Input data:
[Start of section]
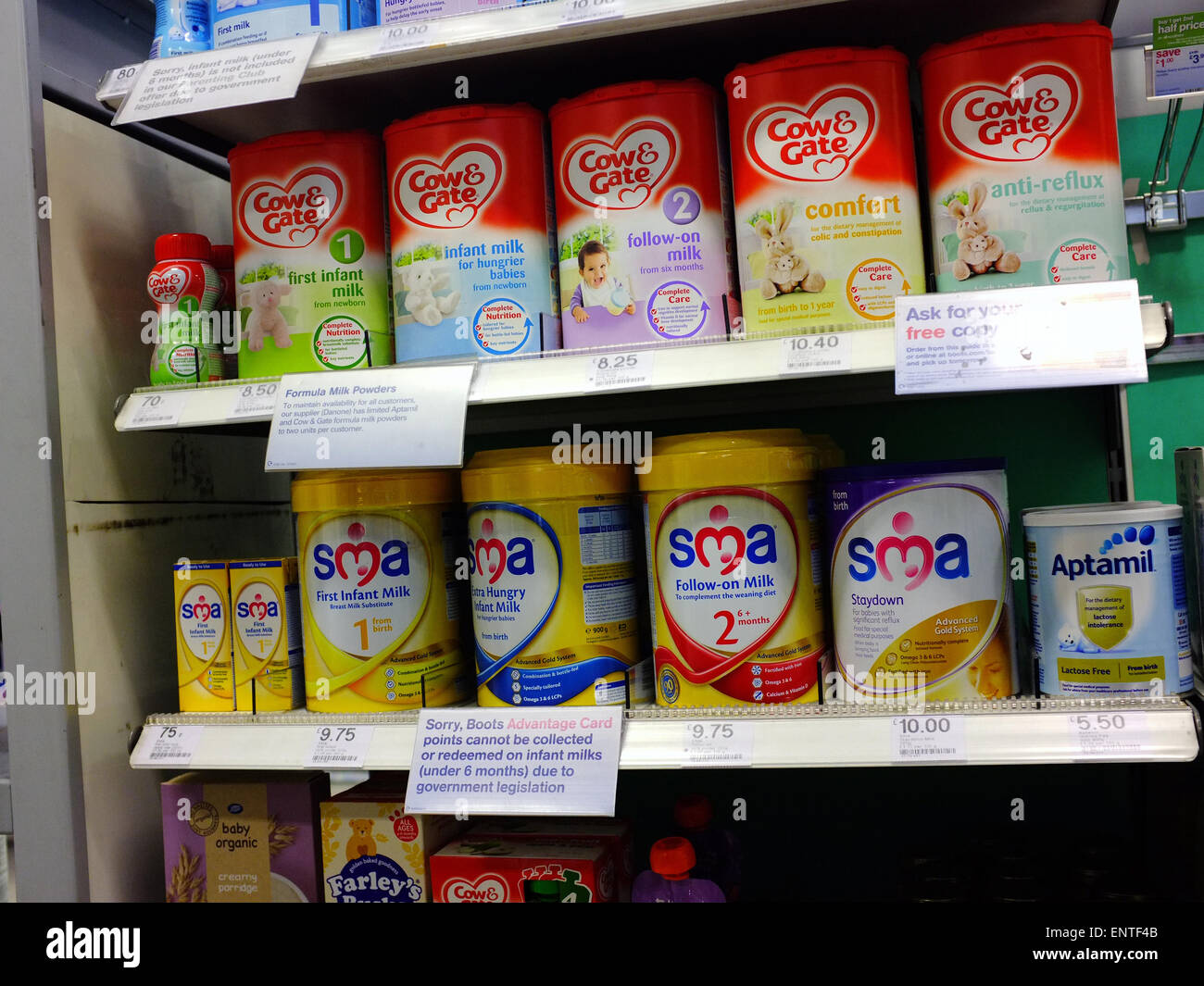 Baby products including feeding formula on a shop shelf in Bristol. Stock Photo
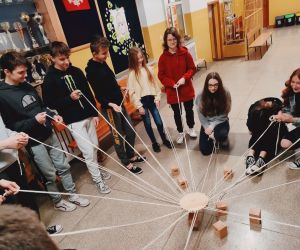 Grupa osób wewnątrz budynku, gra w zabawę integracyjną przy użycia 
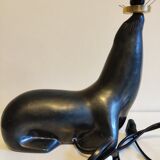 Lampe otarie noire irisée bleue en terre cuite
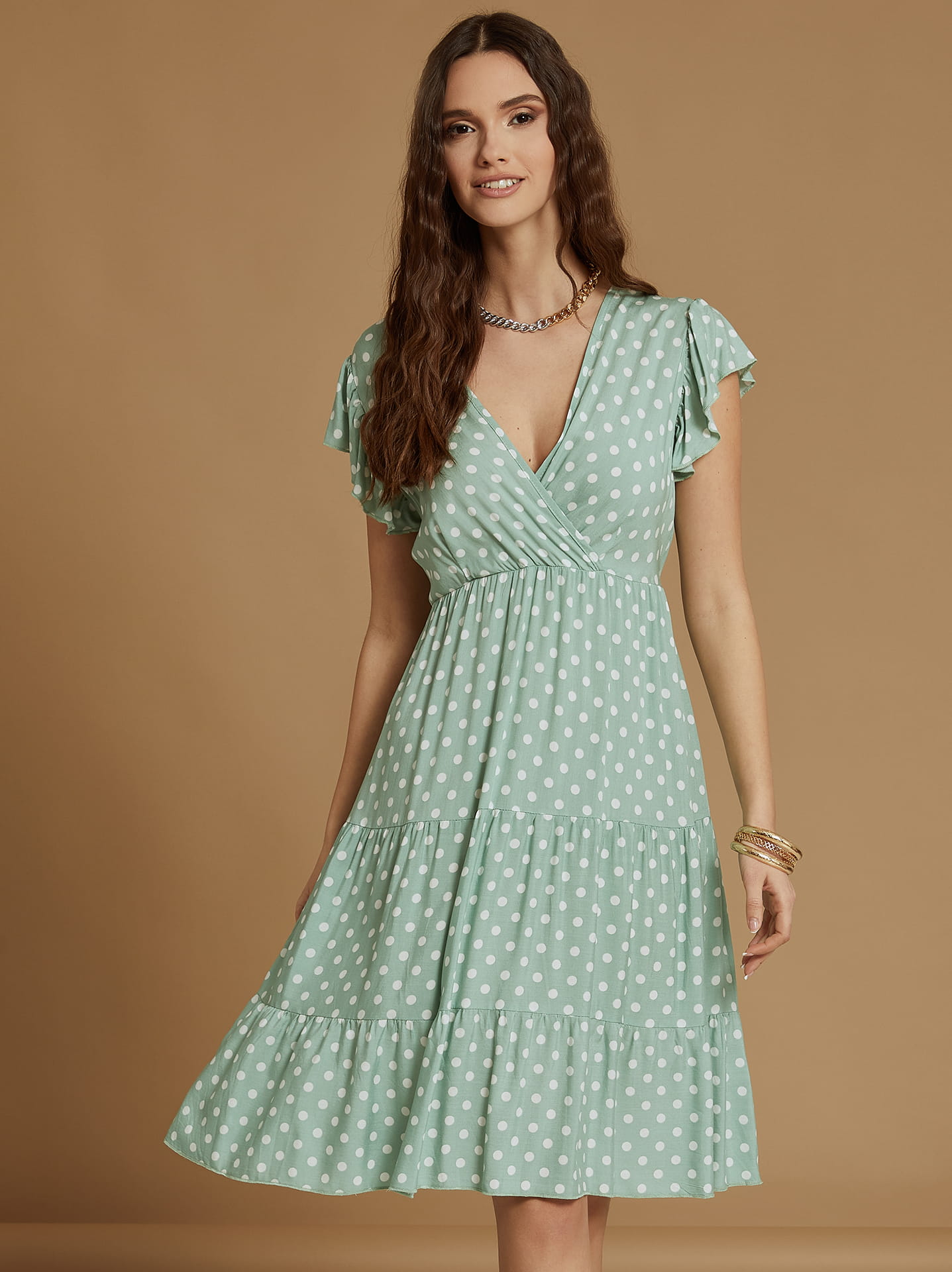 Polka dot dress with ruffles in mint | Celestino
[End of section]
What you have to do: Copy all the lines of data exactly as they appear, dropping any images.

Exercise result:
 Baby products including feeding formula on a shop shelf in Bristol. Stock Photo
 Grupa osób wewnątrz budynku, gra w zabawę integracyjną przy użycia 
 Lampe otarie noire irisée bleue en terre cuite
 Polka dot dress with ruffles in mint | Celestino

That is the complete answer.